RECORDS TO PROCESS:
↓

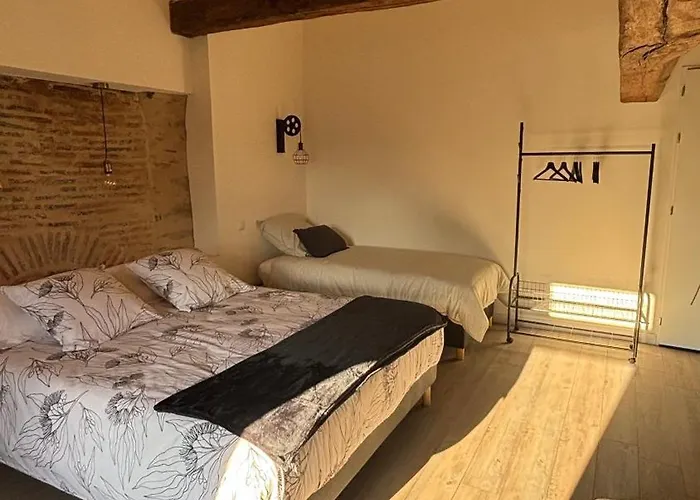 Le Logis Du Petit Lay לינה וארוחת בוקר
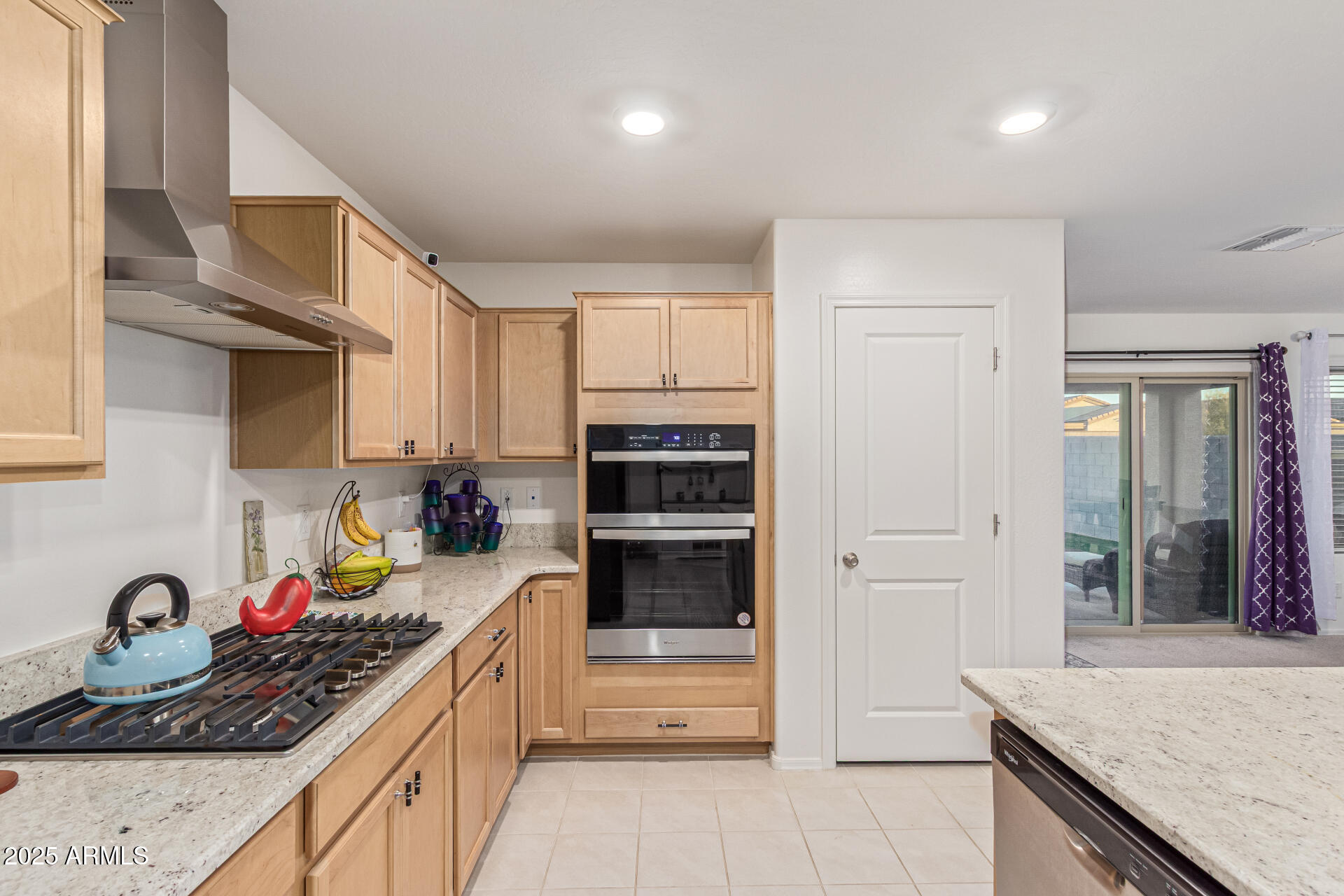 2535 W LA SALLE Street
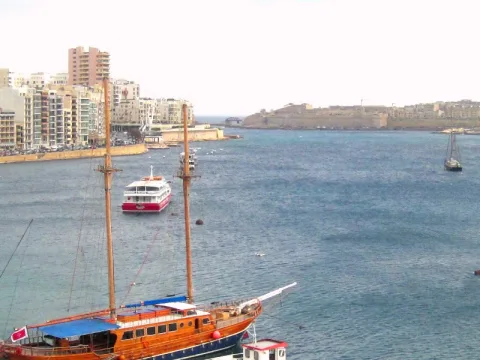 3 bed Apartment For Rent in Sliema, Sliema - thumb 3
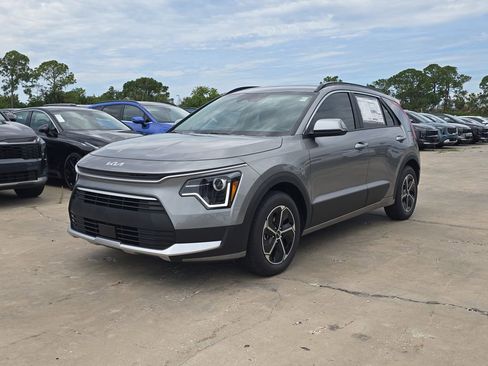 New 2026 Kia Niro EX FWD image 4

↑
↓

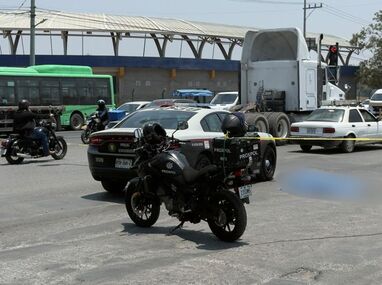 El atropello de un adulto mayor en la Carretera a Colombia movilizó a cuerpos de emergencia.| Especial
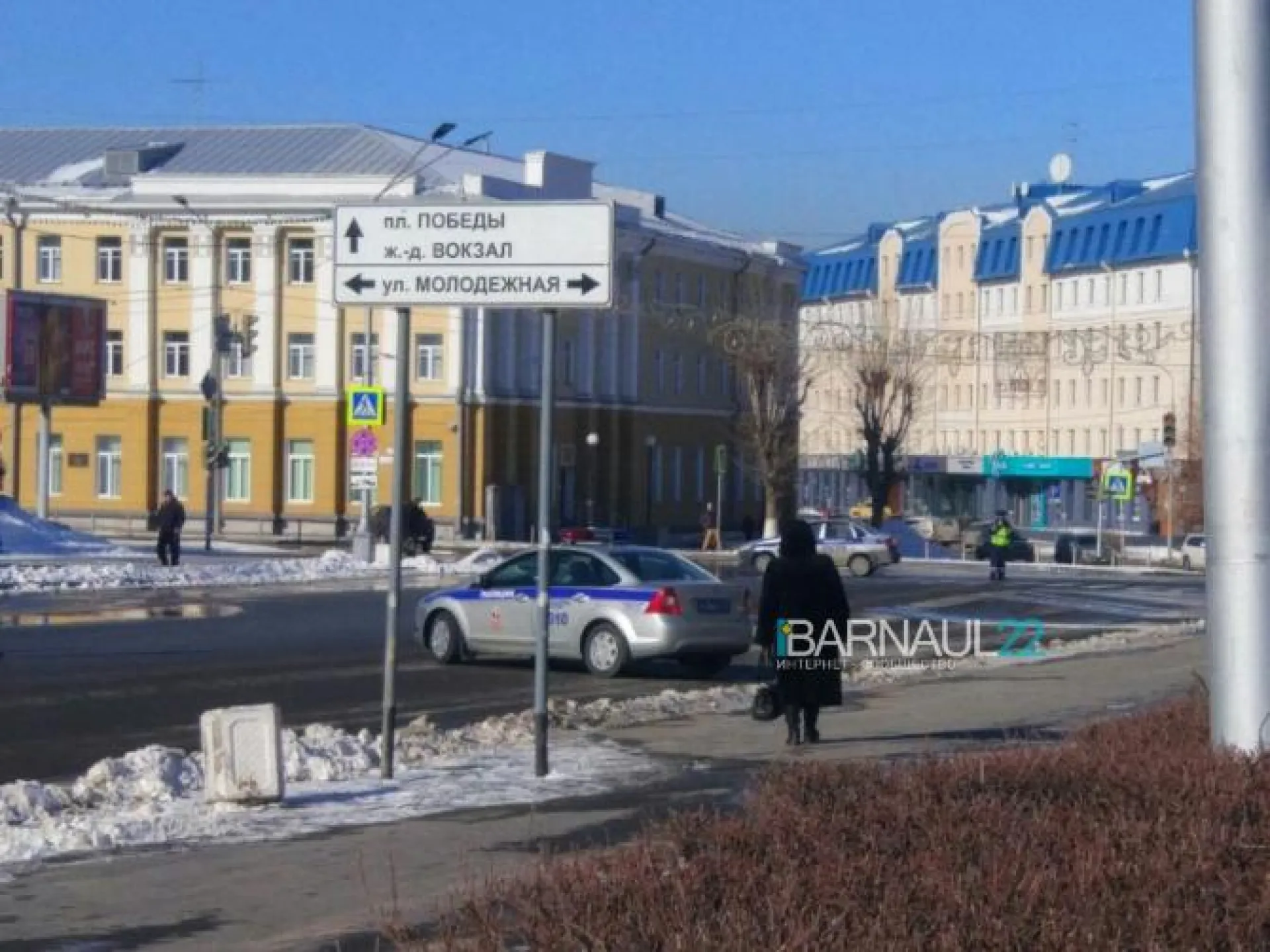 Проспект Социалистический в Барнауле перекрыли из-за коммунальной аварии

↑

EXERCISE: Exactly reproduce the lines above, starting at the one that contains "Le Logis Du Petit Lay לינה וארוחת בוקר" and ending at the one that contains "New 2026 Kia Niro EX FWD image 4", both inclusive; leave the pictures out and add no other lines.

EXERCISE RESPONSE:
 Le Logis Du Petit Lay לינה וארוחת בוקר
 2535 W LA SALLE Street
 3 bed Apartment For Rent in Sliema, Sliema - thumb 3
 New 2026 Kia Niro EX FWD image 4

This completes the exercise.